Black bears in Southern California

Though mountain lions are often thought of as the apex wild mammal in the region, black bears have made steady inroads into Southern California's suburban and urban spaces over the last century -- or rather, we've expanded these spaces into theirs. The timeline of black bears' residency in the Southland, however, isn't so linear.

Fossil records show black bears lived in Southern California thousands of years ago, but by the late 1700s, when the region was under Spanish rule but remained home to the Tongva people, grizzlies dominated the landscape.

Eventually, grizzlies disappeared from Southern California, driven away by settlers and hunting, with the last killed by a farmer protecting his family and crops in 1916. It wasn't until the 1930s that bears would again roam the Southland.

The unusual reintroduction of black bears to Southern California was inspired by Yosemite's big draw at the time: trash-fed bears in the round. Arenas filled with garbage would attract bears that would come to eat, all while entertaining park-goers who could safely watch from bleachers on the other side of a fence.

In 1933, about 30 black bears were brought to Southern California for recreational purposes. Eventually, though, these wild animals were spared from garbage arenas and left to their own devices in the Southern California mountain ranges.
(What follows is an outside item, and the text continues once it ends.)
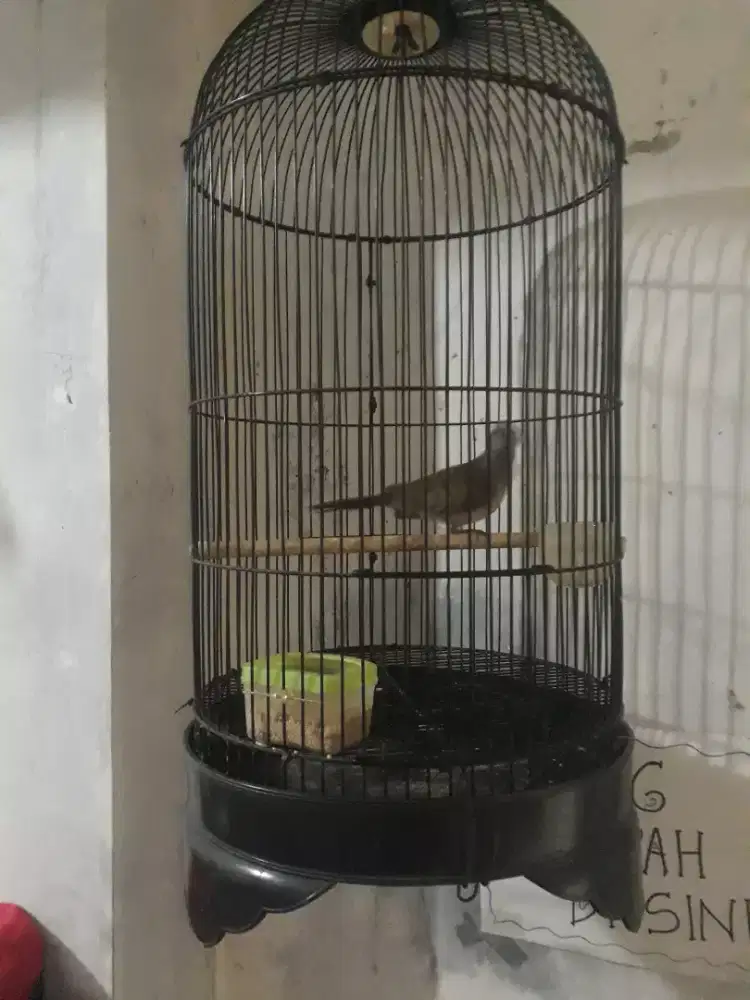 Kandang dan perkutut lokal alam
Since then, a thriving local population of black bears has contributed to California's overall population of the species, last estimated at 60,000, according to Sherman.

As human-bear conflict increases, however, the resources of government agencies tasked with wildlife management are stretched thin. Sherman said residents of Southern California, and especially Los Angeles, generally engage with wildlife in observational and protective ways, which in other parts of the nation isn't always the case. "Historically, our wildlife management agencies have been structured around supporting hunters, and though the agency now focuses on conservation and mitigation of conflict as well, the vestiges of these roots remain in the agency."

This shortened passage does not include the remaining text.